I do a very similar, split-process-combine method, using multiple processes to create intermediate files, then use a single process to merge the resulting files. Here are some tips to get better performance:

• Turn off indexing while you are writing the files by passing index=False, see here for the docs. I believe that PyTables incrementally updates the index, which in this case is completely unecessary (as you are going to merge them afterwards). Index only the final file. This should speed up the writing quite a bit.

• You might consider changing the default indexing scheme / level, depending on what your queries are (assume you follow the advice several points below to NOT create too many data columns).

• In a similar vein, don't create a compressed file when writing the pre-merged files, rather create it AFTER the indexed file is written (in an uncompressed state), so this ends up being your final step. See the docs here. Furthermore, it is very important to pass --chunkshape=auto when using ptrepack which recomputes the PyTables chunksize (e.g. how much data is read/written in a single block), as it will take into account the entire table.

• RE compression, YMMV may vary here, depending on how well your data actually compresses, and what kinds of queries you are doing. I have some types of data that I find it is faster to NOT compress at all even though in theory it should be better. You have to just experiment (though I always do use blosc). Blosc only has one compression level (its either on for levels 1-9 or off for level 0). So changing this will not change anything.

• I merge the files in the indexed order, basically by reading a subset of the pre-merge files into memory (a constant number to use only a constant amount of memory), then append them one-by-one to the final file. (not 100% sure this makes a difference but seems to work well).

• You will find that the vast majority of your time is spent creating the index.

• Furthermore, only index the columns that you actually need! by making sure to specify data_columns=a_small_subset_of_columns when writing each file.

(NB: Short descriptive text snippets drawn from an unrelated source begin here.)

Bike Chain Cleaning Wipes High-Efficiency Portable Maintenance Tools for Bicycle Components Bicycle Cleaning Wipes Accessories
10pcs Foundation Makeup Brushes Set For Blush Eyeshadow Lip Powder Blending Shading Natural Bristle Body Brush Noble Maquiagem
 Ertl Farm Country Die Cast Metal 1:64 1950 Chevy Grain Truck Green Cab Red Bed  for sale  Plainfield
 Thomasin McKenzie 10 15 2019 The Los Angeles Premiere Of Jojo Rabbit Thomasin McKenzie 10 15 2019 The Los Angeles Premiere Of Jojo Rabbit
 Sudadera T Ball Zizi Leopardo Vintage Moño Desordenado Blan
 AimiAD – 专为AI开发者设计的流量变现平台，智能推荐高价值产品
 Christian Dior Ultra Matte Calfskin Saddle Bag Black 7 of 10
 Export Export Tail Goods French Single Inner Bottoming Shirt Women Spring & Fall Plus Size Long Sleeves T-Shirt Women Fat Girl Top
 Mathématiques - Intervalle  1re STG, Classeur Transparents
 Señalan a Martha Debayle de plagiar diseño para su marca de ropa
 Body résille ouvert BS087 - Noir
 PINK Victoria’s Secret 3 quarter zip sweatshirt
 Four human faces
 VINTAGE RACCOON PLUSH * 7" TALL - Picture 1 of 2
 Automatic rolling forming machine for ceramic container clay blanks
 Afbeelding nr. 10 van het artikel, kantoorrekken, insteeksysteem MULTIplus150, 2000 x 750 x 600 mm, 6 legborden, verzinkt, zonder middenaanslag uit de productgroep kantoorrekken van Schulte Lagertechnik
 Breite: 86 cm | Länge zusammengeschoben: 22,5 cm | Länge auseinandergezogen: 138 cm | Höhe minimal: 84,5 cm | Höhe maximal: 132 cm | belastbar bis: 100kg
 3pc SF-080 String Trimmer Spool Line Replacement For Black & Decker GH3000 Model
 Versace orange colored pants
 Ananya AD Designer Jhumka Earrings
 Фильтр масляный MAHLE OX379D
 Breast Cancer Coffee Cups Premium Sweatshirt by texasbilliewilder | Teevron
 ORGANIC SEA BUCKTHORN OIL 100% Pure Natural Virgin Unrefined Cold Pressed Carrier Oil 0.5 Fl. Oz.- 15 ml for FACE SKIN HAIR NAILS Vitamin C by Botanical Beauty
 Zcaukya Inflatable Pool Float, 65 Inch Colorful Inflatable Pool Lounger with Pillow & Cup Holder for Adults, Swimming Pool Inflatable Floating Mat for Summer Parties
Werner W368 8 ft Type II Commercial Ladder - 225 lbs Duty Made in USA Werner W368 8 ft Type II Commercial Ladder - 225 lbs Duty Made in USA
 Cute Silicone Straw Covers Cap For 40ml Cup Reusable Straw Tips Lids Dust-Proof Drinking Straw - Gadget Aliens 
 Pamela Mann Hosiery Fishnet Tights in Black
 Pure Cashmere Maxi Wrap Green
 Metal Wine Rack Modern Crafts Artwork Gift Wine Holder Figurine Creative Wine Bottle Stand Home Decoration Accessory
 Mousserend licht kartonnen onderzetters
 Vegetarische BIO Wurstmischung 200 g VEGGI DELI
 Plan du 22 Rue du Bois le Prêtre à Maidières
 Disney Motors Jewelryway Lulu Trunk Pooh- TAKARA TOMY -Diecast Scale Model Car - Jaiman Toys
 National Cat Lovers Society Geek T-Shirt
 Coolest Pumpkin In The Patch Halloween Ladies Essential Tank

• I find that writing a lot of smallish files is better, then merging to create a largish file, rather than writing a few large files, but YMMV here. (e.g. say 100 100MB pre-merge files to yield a 10GB file, rather than 5 2GB files). Though this may be a function of my processing pipeline as I tend to bottleneck on the processing rather than the actual writing.

• I have not used, but hear amazing things about using a SSD (sold-state-drive), even if it's relatively small for this kind of thing. You can get an order of magnitude of speedup using one (and compression may change this result).